Alex Berman, Kozlow, Woll, Crowley & Berman, Southfield, Mich., for plaintiffs-appellants.

Wallace Handler, Snyder & Handler, Birmingham, Mich., Alfreida B. Kenny, Harper & Row Publishers, Inc., New York City, for defendant-appellee.

Before LIVELY and KEITH, Circuit Judges, and PHILLIPS, Senior Circuit Judge.

LIVELY, Circuit Judge.

In this diversity action the district court granted summary judgment for the defendant on one count of the complaint and certified the case for immediate appeal pursuant to Rule 54(b), F.R.Civ.P. The question in the case is whether certain writings relied upon by the plaintiffs were sufficient to satisfy the requirements of the statute of frauds. The district court held that the writings were not sufficient and dismissed the plaintiffs' breach of contract claim.

The plaintiffs Biggle and Knight approached the defendant Harper & Row with the idea of publishing an anthology of science fiction stories which would be used primarily in high school and college courses. The entire anthology as proposed was to consist of eight volumes and a teacher's manual. In discussions with the plaintiffs, Hugh Van Dusen, the senior editor in charge of Harper & Row "Perennial Paperback" books, suggested that a series of four rather than eight volumes might be preferable. Nevertheless, on May 16, 1975 Van Dusen sent an inter-office memorandum to Elizabeth Jakab, an editor of the Perennial Paperback books, in which he stated, "I talked to Biggle and agreed to do the 8 books." The memorandum also stated, "We need a separate contract for each book ...," and contained directions for forwarding contracts to the plaintiffs and terms of payment of advances. The memorandum was typed and unsigned. It was from "Hugh" to "Elis" and referred to "Damon Knight and Lloyd Biggle Science Fiction Project." It is reproduced in full as Appendix Exhibit A to this opinion.

On June 2, 1975 Elizabeth Jakab wrote Lloyd Biggle a letter in which she enclosed "the first of the contracts that will be coming from us for the volume tentatively entitled YESTERDAY PLUS TWO." On July 28, 1975 Ms. Jakab wrote to Biggle acknowledging receipt of three contracts, identified by titles, and forwarding three additional contracts covering different volumes, again identified by title. In this letter Ms. Jakab noted that there were two more contracts to come. All of the contracts were prepared by Harper & Row and those covering four of the volumes were executed by the plaintiffs and by a representative of Harper & Row. The contracts for three other volumes were signed by the plaintiffs and returned to the defendant, but were never signed on its behalf.

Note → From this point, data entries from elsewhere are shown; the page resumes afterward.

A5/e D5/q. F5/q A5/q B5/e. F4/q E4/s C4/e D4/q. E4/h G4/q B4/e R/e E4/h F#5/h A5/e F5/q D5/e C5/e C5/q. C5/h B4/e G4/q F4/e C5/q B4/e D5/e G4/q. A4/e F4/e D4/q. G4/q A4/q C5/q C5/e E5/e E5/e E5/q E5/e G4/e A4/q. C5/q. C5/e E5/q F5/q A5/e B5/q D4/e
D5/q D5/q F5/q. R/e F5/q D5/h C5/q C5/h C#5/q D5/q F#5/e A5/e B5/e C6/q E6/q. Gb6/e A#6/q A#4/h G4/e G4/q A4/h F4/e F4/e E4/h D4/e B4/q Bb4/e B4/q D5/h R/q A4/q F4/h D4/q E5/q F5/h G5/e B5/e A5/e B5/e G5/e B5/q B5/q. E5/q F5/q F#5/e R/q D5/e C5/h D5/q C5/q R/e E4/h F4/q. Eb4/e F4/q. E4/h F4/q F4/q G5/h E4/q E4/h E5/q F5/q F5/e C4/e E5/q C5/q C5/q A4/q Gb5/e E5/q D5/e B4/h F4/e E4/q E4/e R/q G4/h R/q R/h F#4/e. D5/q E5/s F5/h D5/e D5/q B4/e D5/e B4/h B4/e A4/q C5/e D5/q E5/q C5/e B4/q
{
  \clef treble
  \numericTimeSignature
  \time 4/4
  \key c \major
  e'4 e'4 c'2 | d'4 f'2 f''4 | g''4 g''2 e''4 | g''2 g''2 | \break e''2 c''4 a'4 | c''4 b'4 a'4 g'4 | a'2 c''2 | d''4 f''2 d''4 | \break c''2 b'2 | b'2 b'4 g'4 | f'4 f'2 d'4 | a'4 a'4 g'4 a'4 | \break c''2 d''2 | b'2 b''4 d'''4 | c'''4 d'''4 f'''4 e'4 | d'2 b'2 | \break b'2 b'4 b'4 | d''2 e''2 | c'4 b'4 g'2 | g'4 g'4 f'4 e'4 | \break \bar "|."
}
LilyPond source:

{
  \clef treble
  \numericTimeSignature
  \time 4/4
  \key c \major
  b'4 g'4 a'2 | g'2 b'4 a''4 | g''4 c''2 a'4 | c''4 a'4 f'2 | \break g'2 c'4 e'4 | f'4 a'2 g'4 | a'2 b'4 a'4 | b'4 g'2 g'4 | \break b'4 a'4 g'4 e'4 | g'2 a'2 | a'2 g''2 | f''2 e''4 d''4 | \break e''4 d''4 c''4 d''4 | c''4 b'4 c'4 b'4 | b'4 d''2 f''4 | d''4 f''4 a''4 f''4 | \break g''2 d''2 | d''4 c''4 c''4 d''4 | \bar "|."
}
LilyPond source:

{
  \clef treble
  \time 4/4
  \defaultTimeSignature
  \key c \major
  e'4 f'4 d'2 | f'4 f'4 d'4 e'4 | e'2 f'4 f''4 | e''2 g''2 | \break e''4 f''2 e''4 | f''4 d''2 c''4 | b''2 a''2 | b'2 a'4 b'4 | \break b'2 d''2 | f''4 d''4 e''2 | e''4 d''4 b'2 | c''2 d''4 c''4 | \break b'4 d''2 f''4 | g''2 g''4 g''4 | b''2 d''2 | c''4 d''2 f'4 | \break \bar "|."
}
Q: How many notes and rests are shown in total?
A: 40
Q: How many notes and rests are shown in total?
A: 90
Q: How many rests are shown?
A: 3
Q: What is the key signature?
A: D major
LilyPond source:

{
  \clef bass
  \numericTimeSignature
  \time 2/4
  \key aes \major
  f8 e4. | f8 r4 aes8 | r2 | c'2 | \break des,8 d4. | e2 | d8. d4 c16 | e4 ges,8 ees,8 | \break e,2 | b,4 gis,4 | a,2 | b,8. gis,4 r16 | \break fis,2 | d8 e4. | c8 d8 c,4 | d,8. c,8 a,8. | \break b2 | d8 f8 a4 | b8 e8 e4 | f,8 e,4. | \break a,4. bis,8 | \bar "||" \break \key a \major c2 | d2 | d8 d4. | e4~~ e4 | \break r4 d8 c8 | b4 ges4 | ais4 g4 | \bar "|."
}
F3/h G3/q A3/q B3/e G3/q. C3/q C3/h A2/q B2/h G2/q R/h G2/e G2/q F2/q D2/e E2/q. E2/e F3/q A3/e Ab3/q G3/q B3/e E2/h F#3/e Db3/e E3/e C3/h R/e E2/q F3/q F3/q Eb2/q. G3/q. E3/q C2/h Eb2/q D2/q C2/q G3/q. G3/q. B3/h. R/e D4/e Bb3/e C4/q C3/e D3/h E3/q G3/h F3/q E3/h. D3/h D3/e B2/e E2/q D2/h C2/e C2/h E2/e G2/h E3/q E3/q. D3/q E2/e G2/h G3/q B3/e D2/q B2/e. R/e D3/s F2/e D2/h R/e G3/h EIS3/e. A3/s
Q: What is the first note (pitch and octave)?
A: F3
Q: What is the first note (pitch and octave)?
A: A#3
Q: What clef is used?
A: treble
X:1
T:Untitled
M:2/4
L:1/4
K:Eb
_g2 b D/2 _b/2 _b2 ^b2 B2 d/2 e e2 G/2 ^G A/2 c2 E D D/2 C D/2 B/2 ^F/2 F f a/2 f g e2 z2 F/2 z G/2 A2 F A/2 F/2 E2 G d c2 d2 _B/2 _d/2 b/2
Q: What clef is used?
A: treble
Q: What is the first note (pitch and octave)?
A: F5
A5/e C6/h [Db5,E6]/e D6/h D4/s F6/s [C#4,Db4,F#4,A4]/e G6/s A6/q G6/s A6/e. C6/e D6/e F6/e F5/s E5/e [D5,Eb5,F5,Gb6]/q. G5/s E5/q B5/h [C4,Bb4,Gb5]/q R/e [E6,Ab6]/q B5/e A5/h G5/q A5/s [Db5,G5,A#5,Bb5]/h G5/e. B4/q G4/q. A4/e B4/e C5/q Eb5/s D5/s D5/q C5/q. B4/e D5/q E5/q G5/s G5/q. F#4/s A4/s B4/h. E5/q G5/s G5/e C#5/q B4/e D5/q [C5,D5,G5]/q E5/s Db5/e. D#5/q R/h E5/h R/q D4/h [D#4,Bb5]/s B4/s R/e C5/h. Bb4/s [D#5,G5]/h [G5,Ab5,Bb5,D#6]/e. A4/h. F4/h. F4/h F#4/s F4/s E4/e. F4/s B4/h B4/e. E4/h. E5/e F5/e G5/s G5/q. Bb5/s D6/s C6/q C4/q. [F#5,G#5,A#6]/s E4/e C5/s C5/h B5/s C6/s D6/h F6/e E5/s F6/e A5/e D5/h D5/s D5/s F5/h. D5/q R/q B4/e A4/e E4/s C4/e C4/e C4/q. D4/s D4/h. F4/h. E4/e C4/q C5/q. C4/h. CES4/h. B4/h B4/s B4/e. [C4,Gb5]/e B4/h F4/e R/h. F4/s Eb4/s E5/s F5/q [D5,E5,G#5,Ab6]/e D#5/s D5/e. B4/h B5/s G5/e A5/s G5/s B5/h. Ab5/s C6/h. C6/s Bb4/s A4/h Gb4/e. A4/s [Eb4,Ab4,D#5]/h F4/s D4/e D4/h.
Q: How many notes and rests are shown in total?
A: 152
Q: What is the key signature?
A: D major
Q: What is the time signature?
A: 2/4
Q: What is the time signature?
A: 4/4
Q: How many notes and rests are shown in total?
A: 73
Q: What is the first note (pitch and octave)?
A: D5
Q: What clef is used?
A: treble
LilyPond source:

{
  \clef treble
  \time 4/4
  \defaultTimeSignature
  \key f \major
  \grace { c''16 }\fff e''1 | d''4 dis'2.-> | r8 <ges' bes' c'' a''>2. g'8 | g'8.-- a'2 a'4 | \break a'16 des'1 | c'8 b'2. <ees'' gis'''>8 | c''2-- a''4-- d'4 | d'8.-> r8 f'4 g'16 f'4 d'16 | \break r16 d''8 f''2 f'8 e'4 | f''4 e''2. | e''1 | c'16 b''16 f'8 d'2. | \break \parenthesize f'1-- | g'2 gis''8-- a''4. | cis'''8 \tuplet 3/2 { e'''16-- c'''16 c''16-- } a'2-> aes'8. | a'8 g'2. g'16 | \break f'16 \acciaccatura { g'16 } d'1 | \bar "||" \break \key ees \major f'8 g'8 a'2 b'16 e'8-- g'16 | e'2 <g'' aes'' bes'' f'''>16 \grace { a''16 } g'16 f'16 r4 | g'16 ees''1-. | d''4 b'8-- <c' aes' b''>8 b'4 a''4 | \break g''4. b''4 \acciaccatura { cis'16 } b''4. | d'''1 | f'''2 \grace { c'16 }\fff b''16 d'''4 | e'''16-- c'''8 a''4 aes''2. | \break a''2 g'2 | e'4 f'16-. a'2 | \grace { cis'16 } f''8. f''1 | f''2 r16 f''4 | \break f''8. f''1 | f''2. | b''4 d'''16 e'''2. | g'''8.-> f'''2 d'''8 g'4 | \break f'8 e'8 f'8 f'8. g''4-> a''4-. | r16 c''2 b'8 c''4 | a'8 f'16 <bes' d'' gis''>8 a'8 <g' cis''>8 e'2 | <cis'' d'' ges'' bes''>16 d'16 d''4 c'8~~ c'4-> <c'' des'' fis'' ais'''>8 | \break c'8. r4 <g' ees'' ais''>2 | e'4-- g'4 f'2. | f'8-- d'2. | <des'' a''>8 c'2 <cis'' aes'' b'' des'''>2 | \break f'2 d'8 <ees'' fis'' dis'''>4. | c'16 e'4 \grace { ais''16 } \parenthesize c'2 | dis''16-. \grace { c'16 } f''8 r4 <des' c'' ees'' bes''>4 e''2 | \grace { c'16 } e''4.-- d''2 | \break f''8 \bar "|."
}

Harper & Row issued an announcement of the forthcoming publication of THE SCIENCE FICTION UNIVERSE which identified Knight and Biggle as the editors. It described the publication as "a complete science fiction textbook in eight topically oriented paperback volumes." The title of volume one-YESTERDAY PLUS TWO-was given and the contents of volumes two through eight were described. This announcement is reproduced as Appendix Exhibit B to this opinion.

On November 12, 1975, after four contracts had been executed by all parties and three others had been prepared by the defendant and executed by the plaintiffs and returned to the defendant, Elizabeth Jakab wrote a letter to Lloyd Biggle which opened with a question:

Do you think you and Damon might be able to pack the Science Fiction Universe into four volumes instead of eight? I know this is a rather staggering request, but truly it is less so than it sounds at first.

Biggle responded at length, giving various reasons for insisting that the series contain eight rather than four volumes. Eventually Van Dusen wrote Biggle on December 22, 1975 that Harper & Row would be "happy to try the first four volumes as a test," but if the plaintiffs would rather go with eight volumes, "the only advice we can offer is that you try another publisher who can see the project your way." This lawsuit followed.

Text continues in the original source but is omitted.